Many people fear the judgment of God, because their vision is of a wrathful, bitter and impossible to appease Lord who abhors any whiff of sinfulness or failing. In truth, the judgment of God is against anything that keeps us from being all that God intended for us, his beloved children. The Lord’s judgment is against all that binds us, cripples us, and robs us of the joy of living as the redeemed of the Lord. In other words, God judges us for the sake of our cleansing and healing. God judges us so that we might be drawn into the place of calling on his mercy, asking for his pardon and receiving his saving grace. God judges us for the sake of leading us into his freedom, redemption and peace. Or as the prophets put it, his judgment is so that we may be washed and made whiter than snow (Isaiah 1:18) and refine us like silver (Zechariah 13:9).
My heart breaks when I meet people so shackled to their guilt and shame that they cannot believe that God is rich enough in love and big enough in grace and mercy as to be not only able but absolutely willing to forgive us, release us, and restore our hope and joy. Yet this is the true God that I believe we meet in scripture – as the Psalmist said, who is a compassionate and gracious God, slow to anger, abounding in love and faithfulness (86:15), a God who does not treat us as our sins deserve or repay us according to our iniquities. For as high as the heavens are above the earth, so great is his love for those who fear him; as far as the east is from the west, so far has he removed our transgressions from us. As a father has compassion for his children, so the Lord has compassion on those who fear him (103: 10-13).

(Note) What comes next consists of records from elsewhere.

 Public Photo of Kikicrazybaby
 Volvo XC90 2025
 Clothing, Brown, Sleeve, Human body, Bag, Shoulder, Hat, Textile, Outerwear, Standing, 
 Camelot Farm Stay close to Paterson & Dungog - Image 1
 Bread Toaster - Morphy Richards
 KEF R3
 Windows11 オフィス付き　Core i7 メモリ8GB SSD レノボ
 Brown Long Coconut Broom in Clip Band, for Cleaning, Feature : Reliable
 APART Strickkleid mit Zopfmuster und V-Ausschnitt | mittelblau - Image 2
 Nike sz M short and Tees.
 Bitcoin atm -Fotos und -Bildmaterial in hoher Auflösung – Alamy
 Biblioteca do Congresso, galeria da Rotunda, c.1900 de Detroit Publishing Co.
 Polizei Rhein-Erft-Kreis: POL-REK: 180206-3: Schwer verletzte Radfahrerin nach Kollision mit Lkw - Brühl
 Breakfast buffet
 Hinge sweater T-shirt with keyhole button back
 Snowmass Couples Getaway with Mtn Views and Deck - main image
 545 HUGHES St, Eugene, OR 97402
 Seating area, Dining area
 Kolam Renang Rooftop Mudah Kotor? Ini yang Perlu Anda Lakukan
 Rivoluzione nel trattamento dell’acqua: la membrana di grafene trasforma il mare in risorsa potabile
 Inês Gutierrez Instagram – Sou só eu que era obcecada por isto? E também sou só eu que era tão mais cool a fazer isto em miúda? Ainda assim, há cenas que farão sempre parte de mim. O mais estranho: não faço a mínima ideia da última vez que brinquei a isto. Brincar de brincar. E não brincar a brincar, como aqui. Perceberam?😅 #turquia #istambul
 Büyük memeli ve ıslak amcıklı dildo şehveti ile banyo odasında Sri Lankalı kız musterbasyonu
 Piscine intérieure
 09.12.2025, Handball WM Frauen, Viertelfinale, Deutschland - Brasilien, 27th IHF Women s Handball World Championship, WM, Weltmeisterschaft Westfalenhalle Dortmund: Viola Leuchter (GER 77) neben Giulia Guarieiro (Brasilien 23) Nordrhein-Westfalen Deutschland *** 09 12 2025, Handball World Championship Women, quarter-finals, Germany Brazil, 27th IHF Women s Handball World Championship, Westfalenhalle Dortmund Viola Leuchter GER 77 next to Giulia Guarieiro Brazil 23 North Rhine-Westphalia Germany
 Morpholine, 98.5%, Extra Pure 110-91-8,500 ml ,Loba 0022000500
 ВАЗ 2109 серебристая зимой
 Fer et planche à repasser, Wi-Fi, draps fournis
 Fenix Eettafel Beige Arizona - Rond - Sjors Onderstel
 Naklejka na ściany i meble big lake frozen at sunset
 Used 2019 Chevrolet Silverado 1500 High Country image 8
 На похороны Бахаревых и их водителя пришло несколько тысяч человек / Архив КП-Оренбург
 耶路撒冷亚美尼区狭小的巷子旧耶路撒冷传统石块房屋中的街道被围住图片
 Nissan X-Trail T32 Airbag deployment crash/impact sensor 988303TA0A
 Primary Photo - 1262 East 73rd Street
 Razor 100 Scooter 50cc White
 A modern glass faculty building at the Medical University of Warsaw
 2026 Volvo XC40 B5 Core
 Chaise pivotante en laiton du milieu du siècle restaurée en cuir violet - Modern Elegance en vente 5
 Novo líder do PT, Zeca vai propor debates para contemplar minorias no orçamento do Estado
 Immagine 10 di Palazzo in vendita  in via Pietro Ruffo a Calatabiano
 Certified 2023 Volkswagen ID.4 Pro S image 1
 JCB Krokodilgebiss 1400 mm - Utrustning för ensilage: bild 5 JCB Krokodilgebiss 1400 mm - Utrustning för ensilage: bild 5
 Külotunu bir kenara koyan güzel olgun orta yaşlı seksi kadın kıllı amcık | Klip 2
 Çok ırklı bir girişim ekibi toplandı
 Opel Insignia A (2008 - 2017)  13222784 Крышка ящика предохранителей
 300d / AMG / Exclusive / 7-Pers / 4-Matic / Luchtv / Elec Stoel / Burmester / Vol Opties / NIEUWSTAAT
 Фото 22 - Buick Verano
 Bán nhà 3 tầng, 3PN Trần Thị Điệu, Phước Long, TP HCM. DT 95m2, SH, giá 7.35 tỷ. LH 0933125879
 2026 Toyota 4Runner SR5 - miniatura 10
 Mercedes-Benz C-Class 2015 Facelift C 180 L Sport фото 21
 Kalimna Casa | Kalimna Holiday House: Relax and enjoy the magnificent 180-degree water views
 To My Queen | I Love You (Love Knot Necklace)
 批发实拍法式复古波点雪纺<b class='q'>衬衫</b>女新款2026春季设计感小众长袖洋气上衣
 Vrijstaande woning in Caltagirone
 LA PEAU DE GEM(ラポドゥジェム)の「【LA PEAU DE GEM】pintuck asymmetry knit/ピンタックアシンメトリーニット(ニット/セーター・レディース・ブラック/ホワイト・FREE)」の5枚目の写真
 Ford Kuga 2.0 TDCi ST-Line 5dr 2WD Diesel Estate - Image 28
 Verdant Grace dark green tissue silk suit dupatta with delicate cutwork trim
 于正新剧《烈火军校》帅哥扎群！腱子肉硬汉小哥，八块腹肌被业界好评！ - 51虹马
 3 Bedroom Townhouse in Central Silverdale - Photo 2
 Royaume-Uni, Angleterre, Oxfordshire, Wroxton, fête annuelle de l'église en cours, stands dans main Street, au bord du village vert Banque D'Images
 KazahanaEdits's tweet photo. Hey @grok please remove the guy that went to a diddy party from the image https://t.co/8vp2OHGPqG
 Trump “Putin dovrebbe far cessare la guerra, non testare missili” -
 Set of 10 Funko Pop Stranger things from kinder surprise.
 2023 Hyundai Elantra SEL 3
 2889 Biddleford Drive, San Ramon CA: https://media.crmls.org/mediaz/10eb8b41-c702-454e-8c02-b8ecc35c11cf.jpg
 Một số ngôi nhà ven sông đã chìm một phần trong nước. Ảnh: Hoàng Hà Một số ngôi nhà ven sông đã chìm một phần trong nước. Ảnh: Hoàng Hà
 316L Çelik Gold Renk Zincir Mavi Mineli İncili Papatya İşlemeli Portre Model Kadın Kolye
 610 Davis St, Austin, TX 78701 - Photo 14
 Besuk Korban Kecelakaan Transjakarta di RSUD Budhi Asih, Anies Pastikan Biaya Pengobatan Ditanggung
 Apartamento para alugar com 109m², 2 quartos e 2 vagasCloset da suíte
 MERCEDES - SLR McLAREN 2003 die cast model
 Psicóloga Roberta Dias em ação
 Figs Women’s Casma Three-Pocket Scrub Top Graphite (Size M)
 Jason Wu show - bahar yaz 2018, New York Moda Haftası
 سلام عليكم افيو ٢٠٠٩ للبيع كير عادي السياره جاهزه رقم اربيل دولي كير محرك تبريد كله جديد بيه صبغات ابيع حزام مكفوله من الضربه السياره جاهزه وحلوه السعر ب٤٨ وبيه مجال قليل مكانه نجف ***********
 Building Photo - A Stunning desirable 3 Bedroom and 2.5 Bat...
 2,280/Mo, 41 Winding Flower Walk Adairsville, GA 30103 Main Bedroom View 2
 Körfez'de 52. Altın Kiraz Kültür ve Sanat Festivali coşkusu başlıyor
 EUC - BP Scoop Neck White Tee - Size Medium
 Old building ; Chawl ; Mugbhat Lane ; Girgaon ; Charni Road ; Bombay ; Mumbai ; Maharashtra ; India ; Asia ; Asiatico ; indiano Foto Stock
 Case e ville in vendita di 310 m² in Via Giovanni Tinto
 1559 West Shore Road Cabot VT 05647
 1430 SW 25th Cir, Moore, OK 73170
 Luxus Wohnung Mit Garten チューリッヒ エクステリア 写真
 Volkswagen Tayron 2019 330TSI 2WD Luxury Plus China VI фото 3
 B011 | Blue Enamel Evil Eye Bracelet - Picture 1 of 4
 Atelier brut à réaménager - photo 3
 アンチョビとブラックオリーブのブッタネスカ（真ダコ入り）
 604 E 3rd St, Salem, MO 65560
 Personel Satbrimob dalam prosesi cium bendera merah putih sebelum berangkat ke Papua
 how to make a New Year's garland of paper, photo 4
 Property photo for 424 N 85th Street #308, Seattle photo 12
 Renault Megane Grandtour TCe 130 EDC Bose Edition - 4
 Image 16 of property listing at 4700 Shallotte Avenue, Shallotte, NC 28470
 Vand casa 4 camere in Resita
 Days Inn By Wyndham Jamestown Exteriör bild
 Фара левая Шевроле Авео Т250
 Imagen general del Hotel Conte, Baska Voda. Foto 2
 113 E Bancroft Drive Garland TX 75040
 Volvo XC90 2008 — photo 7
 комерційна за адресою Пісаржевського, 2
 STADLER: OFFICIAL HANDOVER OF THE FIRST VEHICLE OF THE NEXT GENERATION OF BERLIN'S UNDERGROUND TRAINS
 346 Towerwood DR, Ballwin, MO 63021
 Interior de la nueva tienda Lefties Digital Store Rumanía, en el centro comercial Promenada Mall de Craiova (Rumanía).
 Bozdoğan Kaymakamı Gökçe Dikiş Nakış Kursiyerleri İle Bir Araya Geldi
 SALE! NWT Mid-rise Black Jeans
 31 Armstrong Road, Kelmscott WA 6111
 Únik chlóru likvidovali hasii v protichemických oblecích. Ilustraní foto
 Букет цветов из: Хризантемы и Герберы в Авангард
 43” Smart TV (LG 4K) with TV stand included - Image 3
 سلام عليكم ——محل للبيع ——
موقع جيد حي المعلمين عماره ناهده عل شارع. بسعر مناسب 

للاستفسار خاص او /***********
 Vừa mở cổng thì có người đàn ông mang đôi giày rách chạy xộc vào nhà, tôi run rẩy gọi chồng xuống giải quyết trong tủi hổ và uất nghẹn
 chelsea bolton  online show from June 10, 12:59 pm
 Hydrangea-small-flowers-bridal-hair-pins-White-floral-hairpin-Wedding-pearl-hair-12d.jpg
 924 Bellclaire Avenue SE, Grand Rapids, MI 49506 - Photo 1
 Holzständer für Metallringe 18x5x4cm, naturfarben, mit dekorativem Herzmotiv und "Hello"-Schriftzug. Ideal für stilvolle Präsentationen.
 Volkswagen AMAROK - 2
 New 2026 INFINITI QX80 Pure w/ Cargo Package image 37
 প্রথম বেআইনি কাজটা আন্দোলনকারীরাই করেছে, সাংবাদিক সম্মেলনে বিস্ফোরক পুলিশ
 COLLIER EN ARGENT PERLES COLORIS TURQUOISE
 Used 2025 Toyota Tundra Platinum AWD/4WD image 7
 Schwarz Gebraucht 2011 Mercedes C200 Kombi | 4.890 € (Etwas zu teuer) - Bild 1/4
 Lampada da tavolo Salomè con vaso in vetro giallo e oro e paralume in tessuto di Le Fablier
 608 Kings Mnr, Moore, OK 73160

This I believe with all my heart – our only hope as human beings is that we are loved, unconditionally and passionately – by a God who is absolutely lavish and prodigal in his mercy and grace. And that is not merely our only hope – it is our saving hope and greatest joy, because this is our God made known in Jesus. Thank heavens!
Are you saying that those that are not bound or crippled by their past, are freed from the judgement of God? I am a little confused, can you explain a little more what living as the redeemed means please. So, if someone is never freed from this, what happens?
To quote C. S. Lewis once again: our problem is not that we ask too much of God, it is that we ask too little. We are like the urchin content with playing in a mud puddle in the alley when all the time we are being offered a holiday at the seashore. I believe our gracious God has such profound blessing and joy to provide us — as Paul said, more than we can ask or imagine. Or, as the prophet Malachi suggested, God is waiting to throw open the storehouses of heaven and pour out so much blessing that we can not contain it all. And in reference to Malachi’s words, I believe the tithe we are called to bring is the receptive, trusting, rejoicing heart. In other words, the more we allow God to heal, help, surprise and grace us, the deeper and greater will be the blessedness God gives us to enjoy. Ask and we will receive! But our kindly Father will not force on us what we are unwilling to receive or ask for. If we want to settle for only a mud puddle, that is all we will get.
One of my favourite writers put it this way: “We are free to make fools of ourselves in this life and damned fools of ourselves forever.” And it seems to me there is no greater folly than not trusting that the Lord of all creation and compassion has mercy and blessing in an abundance beyond measure, even more than we can ask or imagine.